As LV is not a public authority under FOIA, the Commissioner had no power to consider whether LV had complied with FOIA. The Commissioner did not make any decision under FOIA. He has not served a decision notice under section 50 FOIA. There is therefore no right of appeal under section 57 FOIA.

27.

In those circumstances the provisions of the Freedom of Information Act 2000, have no relevance to this Application. In so far as the Notice of Application or the response to the strike out application rely on or refer to the provisions of FOIA, such as the exemption in section 43 FOIA or the right to appeal under section 57 FOIA, those provisions cannot assist the Applicant.

28.

In addition to its role under FOIA, the Commissioner also has certain duties in relation to complaints about the handling of personal data by any data controller, not just by a public authority. These are not governed by FOIA. Under section 165 DPA 2018 a data subject may make a complaint to the Commissioner if the data subject considers that, in connection with personal data relating to him or her, there is an infringement of part 3 or 4 of the DPA.

29.

In response to that complaint the Commissioner is, in essence, required to:

29.1.

Take appropriate steps to respond to the complaint.

29.2.

Inform the complainant of the outcome of the complaint.

29.3.

Information the complainant of their rights under section 166 (see below).

29.4.

If asked to do so by the complainant, provide the complainant with further information about how to pursue the complaint.

30.

Under section 166 DPA a data subject has the right to make an application to the tribunal for an order by the tribunal that the Commissioner take certain procedural steps to progress a complaint under section 165, or that the Commissioner inform the applicant of progress on the complaint or of the outcome of the complaint.

31.

At the time that the Application was made, the appropriate application form was form ‘T-98’ which is entitled ‘Notice of appeal or application’. Section 3 is entitled ‘About the decision or notice you are appealing against’ and includes a box for the ‘decision notice reference number’.

32.

The title of section 3 does not fit well with an application made under section 166 DPA. A section 166 application is, importantly, not an appeal against a decision of the Commissioner. Further, there is no ‘decision notice’ in complaints to the Commissioner under section 156.

33.

It is a common misconception that the tribunal is able to hear an appeal against a ‘decision’ by the Commissioner (more accurately an outcome) arising out of a complaint to the Commissioner about a breach of data protection law. It cannot. Parliament has not given the First-tier Tribunal the power to deal with appeals against the ‘decision’ or the substantive outcome of those complaints. Nor has it given the First-tier Tribunal the power to deal with claims that the body in question has breached data protection law. Parliament decided that those claims should be dealt with by other courts.

34.

The ‘decision notice reference’ that the Applicant has specified in the box in section 3 of the Notice of Application is ‘IC-239682-B1L9’. That is the reference number of the outcome that the Commissioner gave to the Applicant’s complaint to the Commissioner on 16 June 2023. That complaint was about how LV had handled a request for information relating to an increase in the cost of his mother’s insurance policy.

35.

Presumably because LV is not a public authority, the Commissioner treated that complaint as a complaint under section 165 that LV had breached data protection laws.

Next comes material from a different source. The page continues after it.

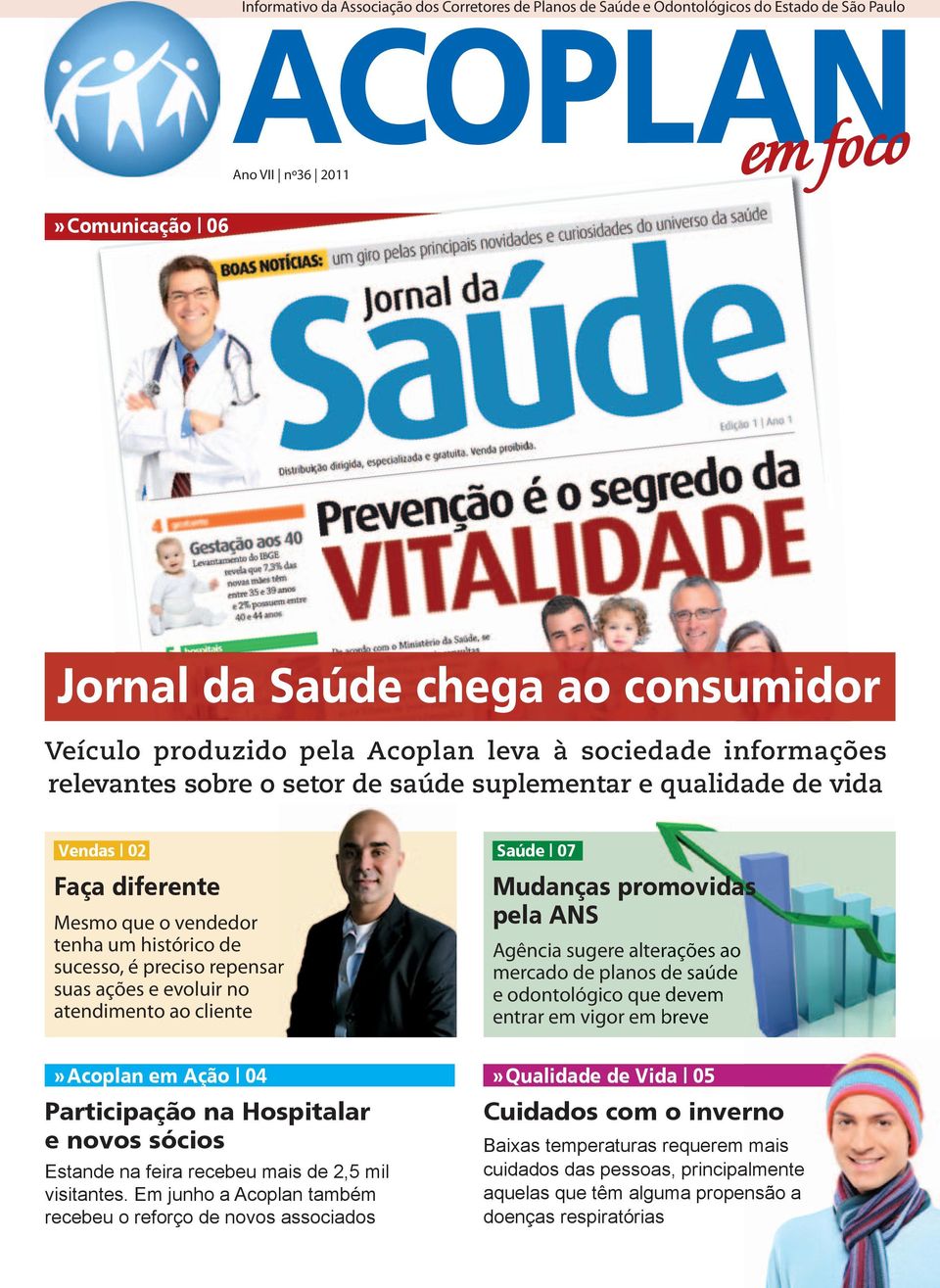 sucesso, é preciso repensar suas ações e evoluir no atendimento ao cliente Mudanças promovidas pela ANS Agência sugere alterações ao mercado de planos de saúde e odontológico que devem entrar em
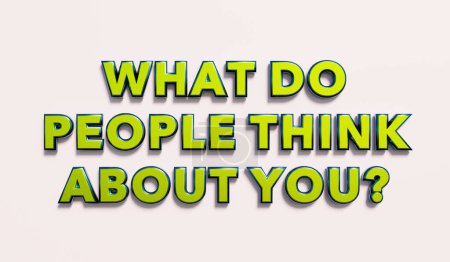 Was denken die Menschen über Sie? Wörter in grünen metallischen Großbuchstaben. Ruf, Charakter, Persönlichkeit. 3D-Illustration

It is not clear to me from the Applicant’s complaint to the Commissioner what breach of the data protection laws was being alleged.

36.

One of the rights under DPA is an individual’s right to obtain a copy of their personal data by making what is often referred to as a ‘subject access request’. The Commissioner may have understood the complaint to be that LV had not responded adequately to a subject access request made to LV.

37.

I have considered the request made by the appellant to LV and it is not entirely clear to me whether it was a request for a copy of personal data. If it was not, there would not, on these facts, be any right to complain to the Commissioner at all, so for the purposes of the strike out application I will assume that it was a request for personal data.

38.

The Commissioner took a number of steps to attempt to obtain further information about the complaint from the Applicant, reviewed the correspondence and documentation provided by the Applicant and formed the view that LV’s response to the Applicant’s request was not in breach of data protection legislation.

39.

It sent the Applicant an outcome letter dated 25 July 2023, which included the following:

“The ICO have considered the information you have provided, and it is our view that LV’s refusal of your request would not be in breach of the data protection legislation.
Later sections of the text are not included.